The compiler forced me to declare as __constant all the “global scope” variables (this is not a problem apart from the fact that the number of __constant variables is limited). After this modification my kernels compiled again, but the software no longer worked and after two days of debugging I discovered that all the content of __constant arrays used inside my kernels are messed up with apparently random data.

Declaring them as __global let the kernels work again (although slower), are these behaviors reported/explained somewhere? I could not find anything in the release notes.

Other problems maybe related were reported here:
http://forums.nvidia.com/index.php?showtopic=167021
http://forums.nvidia.com/index.php?showtop…p;#entry1073729

Various months ago also here:
http://www.khronos.org/message_boards/view…f=37&t=2148

This is how it should have always been. They are just more strict with enforcing specs now, a good thing.

If thats the case, how do you use constant memory?

I’m not sure if we mean the same thing.

I meant this:

//kernels.cl

__kernel void k1(...)

{

...

}

__global float gArray[1000]; //this should be invalid! program scope variables must be constant

__constant float cArray[] = { 1,2,3,4, }; //should be OK, no way to change content from host or device, must be compiled in

That’s how I understood “global scope”. You were probably referring to why you have to start passing arguments to kernel as globals and not constants - I don’t know.

Yes, it is a good thing and I’m happy with this, also because the compiler warned me about the problem and i could fix it in few seconds… the real problem is “the mess up” of the content of __constant variables used in the kernels caused too by the driver upgrade (with no errors or warnings from the compiler or at runtime).

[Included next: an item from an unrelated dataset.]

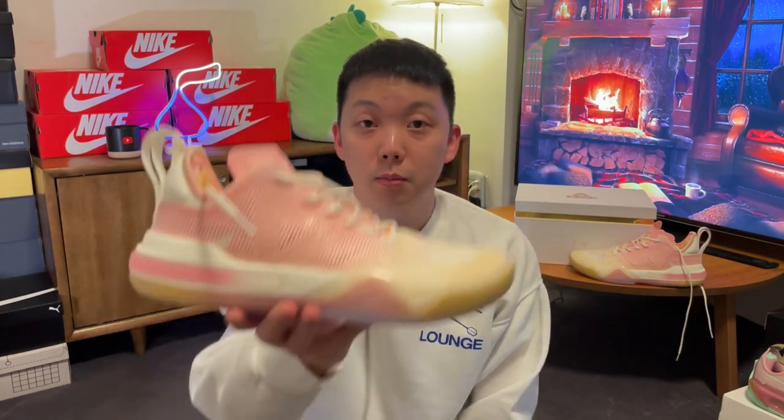Hi there, hope you're having a good day, welcome back to another video. Today we have the first signature shoes of Andrew Wiggins by the Chinese brand Peak. A lot of cool features on this shoe, including a set of two different drop-in midsoles. And this right here is the AW1 Switch.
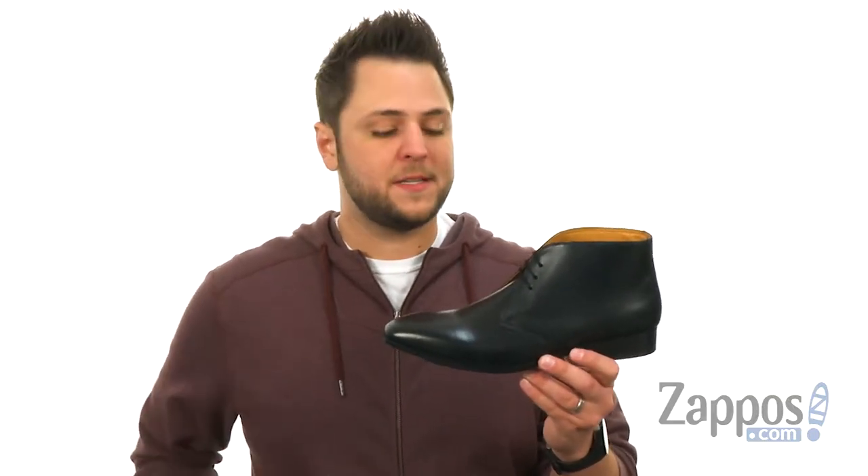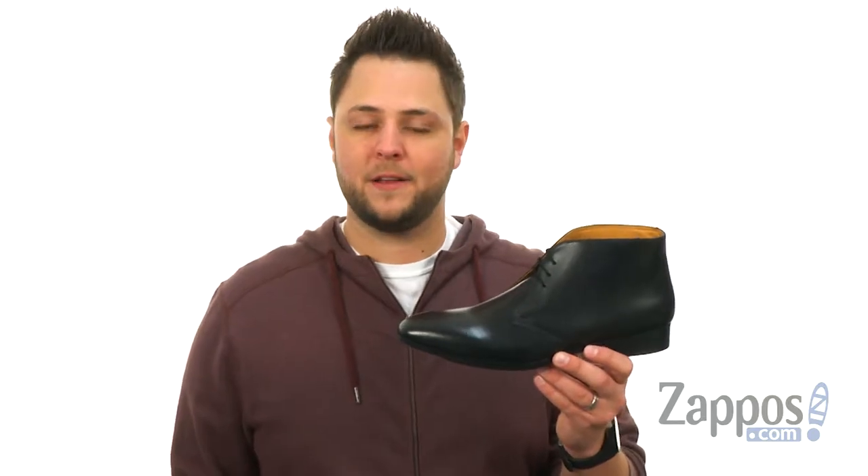Hey everybody, I'm Richard from Zappos.com, and today we're checking out these snazzy boots from Carlos by Carlos Santana.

Anyway the problem disappeared in my implementation, I want to do some more tests to understand why and then I’ll post here the solution…

SOLVED:

Ok, so, the problem is that declaring all the global scope variables as __constant I exceeded the maximum number of possible __constant variables and when this happens the content of the __constant variables will be random… but the situation is not so simple and I am not so stupid (not too much I hope) ;)

I did not think about I could exceed the maximum number of possible __constant variables, since I was taking into account only global scope variable and the __constant ones used in may kernel. It is needed instead to take into account all the __constant variables declared in the *.cl file, also the ones inside kernels that are not used and moreover, every declaration of a pointer to a __constant memory space has to be taken into account too.

In simpler words, you have to count all the times that you use the __constant keyword in the *.cl source file and this number has to be less than the maximum number of possible __constant variables supported by the device in use.

My opinion:
Ok, nothing wrong with this restriction, it has to be forced by hardware design I guess, but I think that there should be some warnings or errors… from the JIT compiler or at runtime (cl_out_of_resources or something like that), I think it has not to be possible to run a code that try to use more than the available __constant variables if it is known that in this condition it became completely useless.
NVIDIA, could you fix this? …Thanks :)

Gotcha, I realize that I wasn’t really thinking when I responded last time.

As seen in my kernel, I want to have these constant declarations in the scope of each individual kernel. Is this no longer allowed (the compiler didn’t seem to have any problem with it) or is it just broken in the latest driver/sdk implementation?

It is allowed, but you have to pay attention to not use more __constant variables than allowed from the specifications of your board, as I described in my last post; otherwise strange behaviors may happen.